Because of the numerous trade routes used by the Indians of Latin America, the hammock naturally found its way to many other Indians. Hammocks were soon being made from indigenous fabrics and materials which resulted in a many types, which have evolved to the classic cloth/fabric hammock, typical of Brazil, and cord and rope hammocks similar to today's styles.

Nearly all sources mention Christopher Columbus in the discovery of the hammock. However, the hammock actually dates back more than 1,000 years ago to Central America, far before Columbus was alive. As mentioned above, the hammock was used as a form of protection against harmful creatures on the ground. Christopher Columbus was introduced to the hamaca (hammock) during his travels at the end of the 15th Century by the Taino Indians, a Haitian tribe, in which he brought a variety of hammocks to Europe where they gained appeal. During this time, European weavers began crafting hammocks out of cotton, canvas, and other cloths, as well as sending these materials to weave hammocks in the New World.

By the mid-16th century in many parts of the world, the hammock was used as an alternative to the traditional bed. The U.S. military even turned to hammocks for sleeping when away from home. Hammocks quickly gained widespread appeal by both the wealthy and the underprivileged, and by the end of the 19th century, the first mass producer of hammocks opened in Pawley’s Island, South Carolina.

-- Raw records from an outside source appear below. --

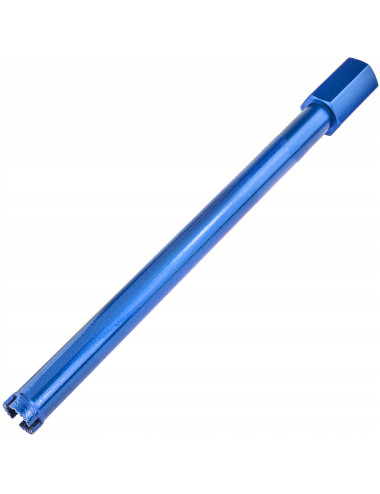 KORONA DIAMENTOWA 32x450mm 1 1/4" SILVER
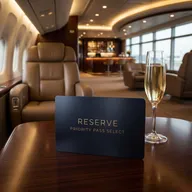 Chase Sapphire Reserve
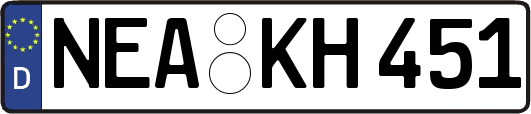 NEA-KH451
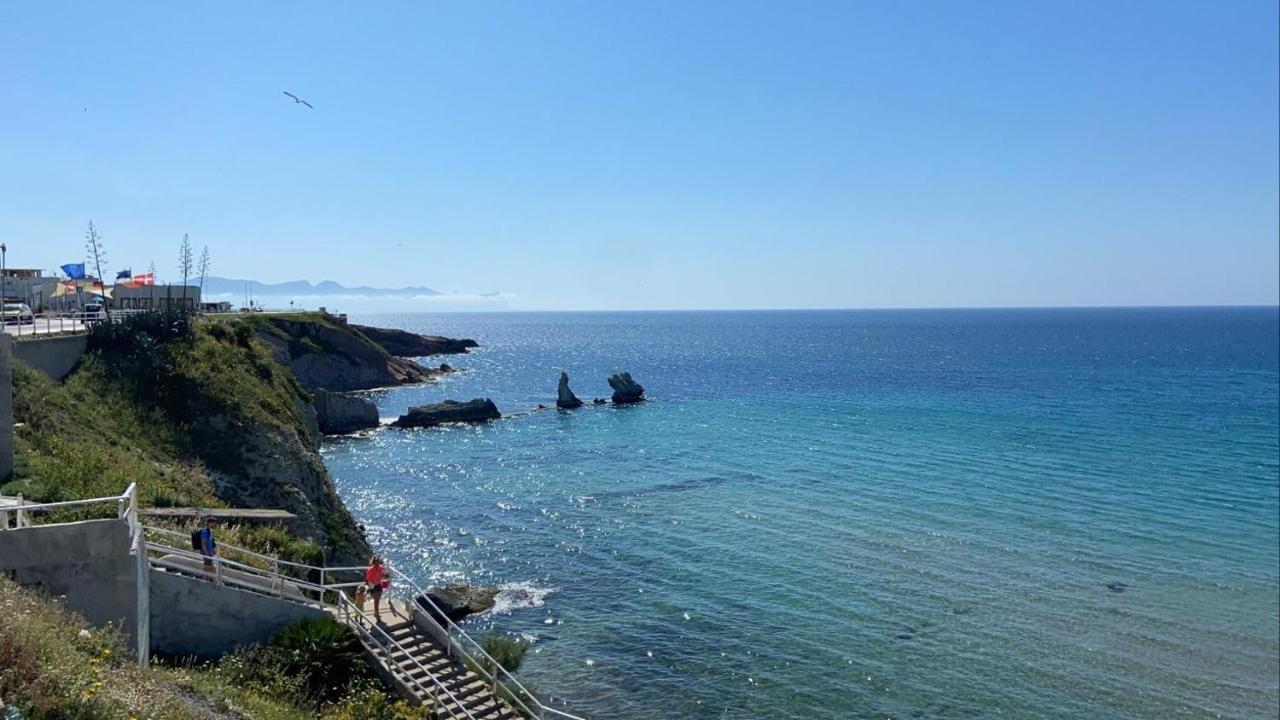 Le Pigne Siciliane Villa Terrasini Eksteriør billede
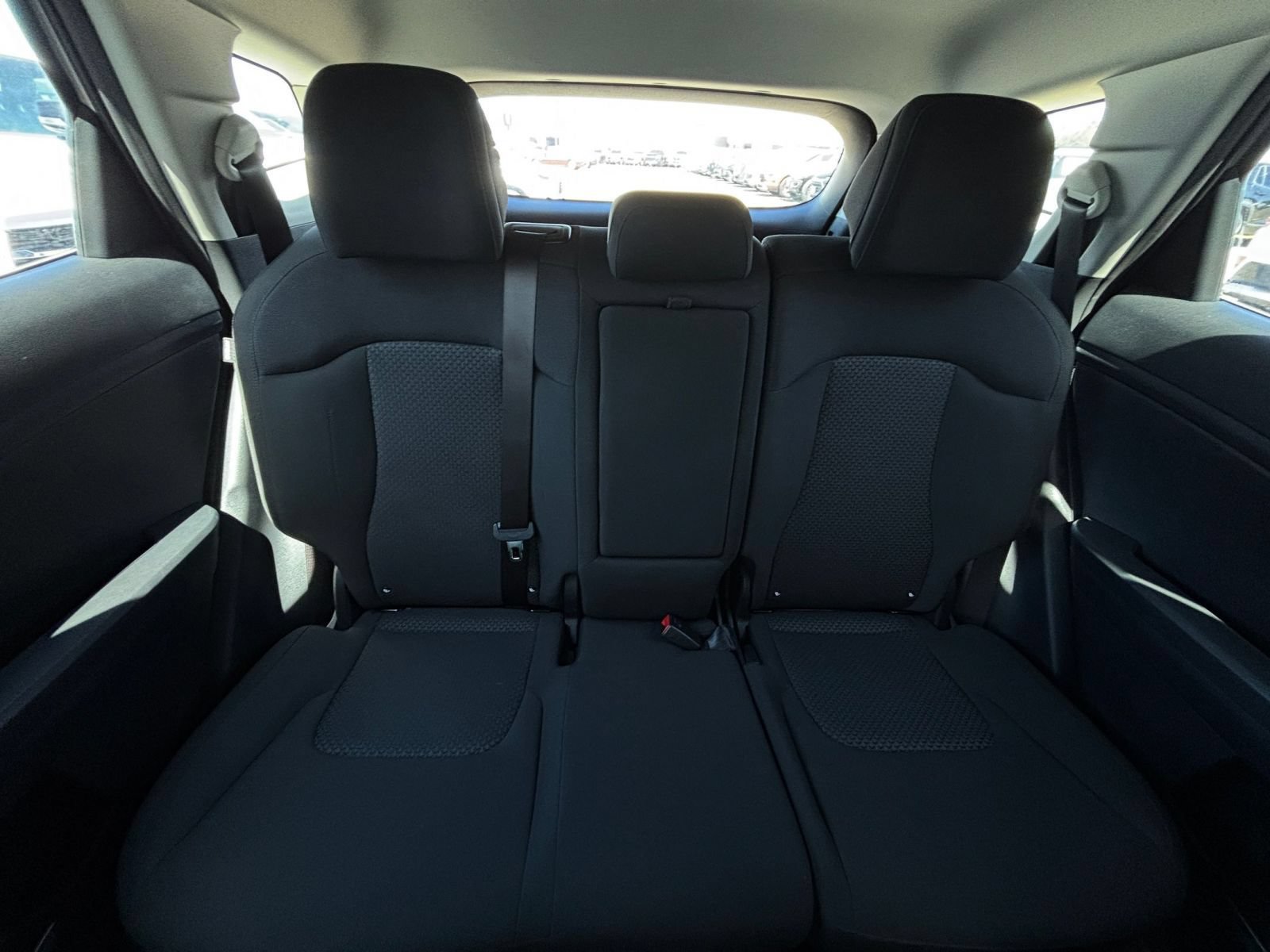 Used 2026 Kia Sportage LX FWD image 37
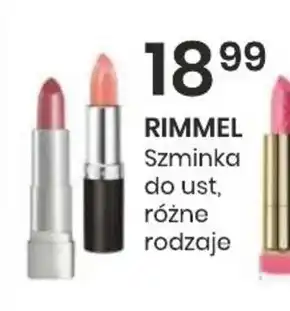Szminka Rimmel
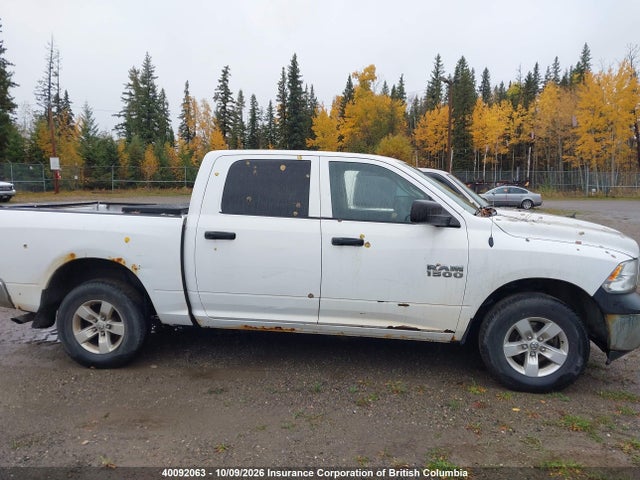 2013 Ram 1500 St მანქანა იყიდება აუქციონზე, vin: 1C6RR7KGXDS551568, აუქციონის ნომერი: 40092063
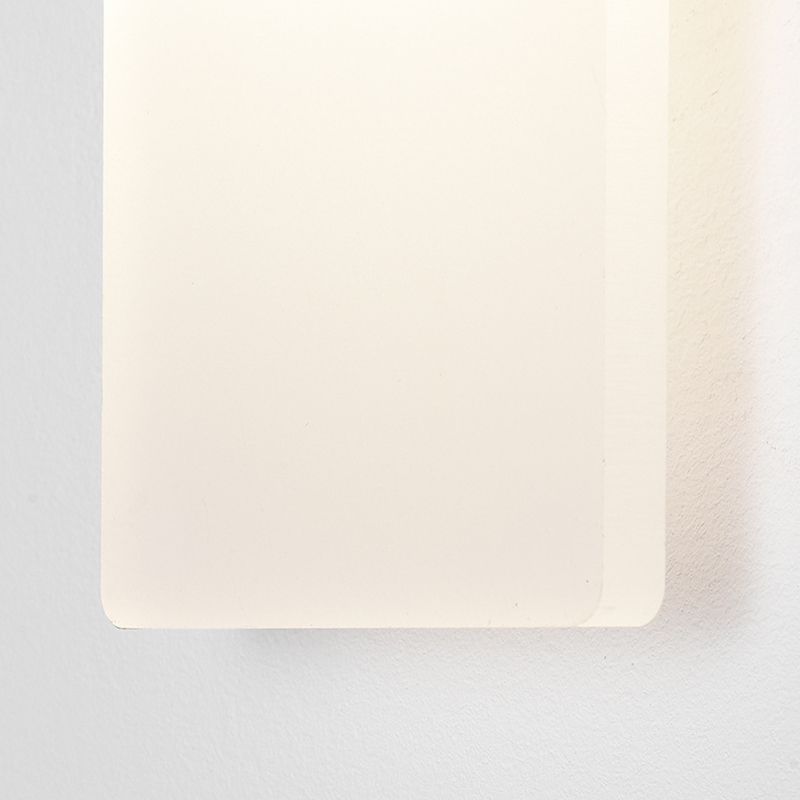 2-Light Wall Sconce Light Modern Metal Wall Sconce Lighting in Gold
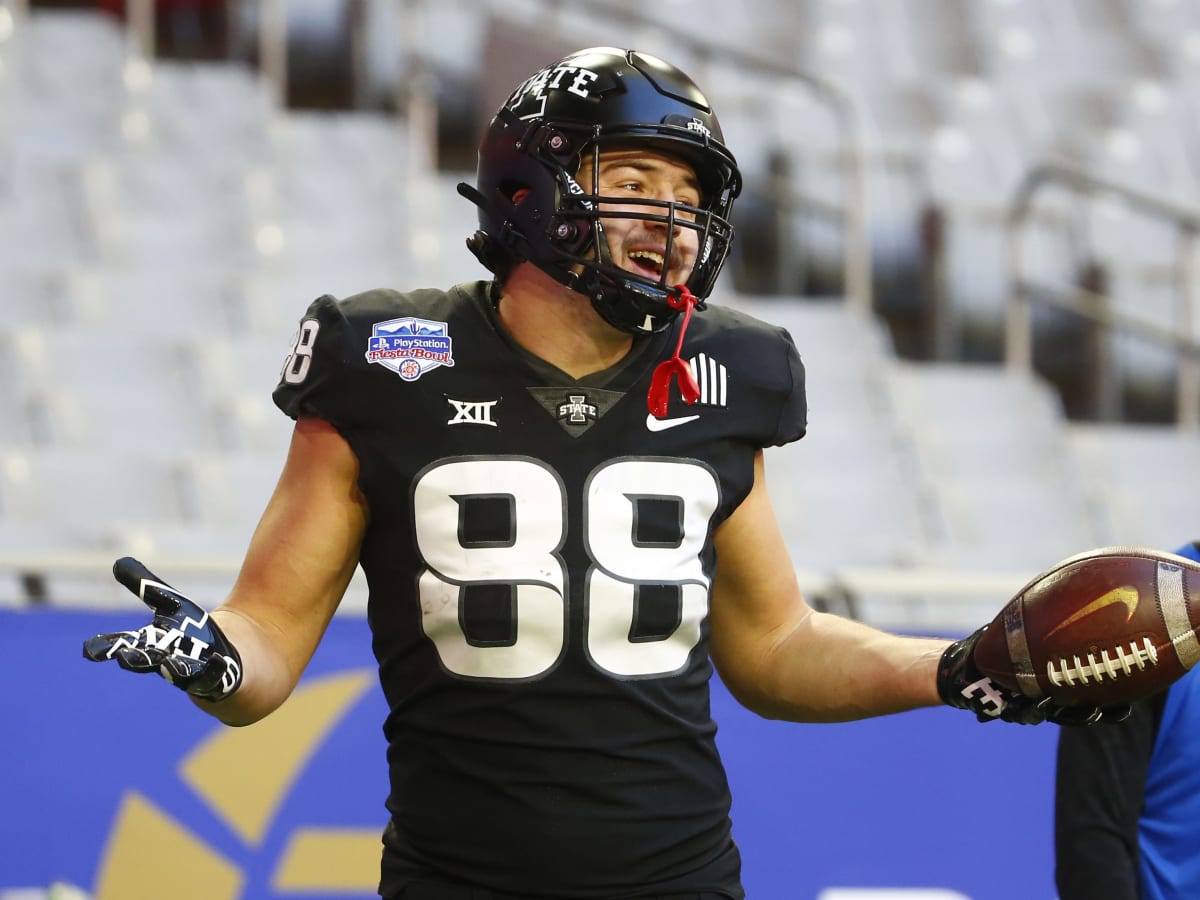 Charlie Kolar Stats, News and Video - TE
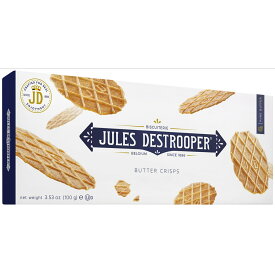 JULES DESTROOPER ジュールス デストルーパー バタークリスプ　100g クッキー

Today, we have expanded on the traditional hammock with improvements to design, materials, and comfort. Some hammocks are still used for insect protection with the addition of enclosed nets, and some are simply used as a luxurious relaxation portal. Hammocks today represent a luxury for many, but it can’t be taken for granted that the hammock is one of the oldest pieces of furniture in the history of mankind.

See you on the trail! 

Tomahawk -


----------



## OutsideYourWorld (Jan 8, 2017)

I also have my hammock and tarp combo everywhere I go. Especially when i'm working in the forests up north! You can get a quality sleep you could only get on the ground with a fancy sleeping mat. And there's a certain peace of mind when you're raised off that cold, dirty floor. 

I have a feeling you hang out in the BushcraftUSA forum, yea?


----------



## Deleted member 15688 (Jan 8, 2017)

OutsideYourWorld said:


> I also have my hammock and tarp combo everywhere I go. Especially when i'm working in the forests up north! You can get a quality sleep you could only get on the ground with a fancy sleeping mat. And there's a certain peace of mind when you're raised off that cold, dirty floor.
> 
> I have a feeling you hang out in the BushcraftUSA forum, yea?


Nope.


----------



## OutsideYourWorld (Jan 8, 2017)

Should check it out, then. Lots of useful info and ideas there for this sort of thing.


----------



## Deleted member 15688 (Jan 8, 2017)

OutsideYourWorld said:


> Should check it out, then. Lots of useful info and ideas there for this sort of thing.


I was on it years ago . I have no need to be on there. you can check my posts under "tomahawk"


----------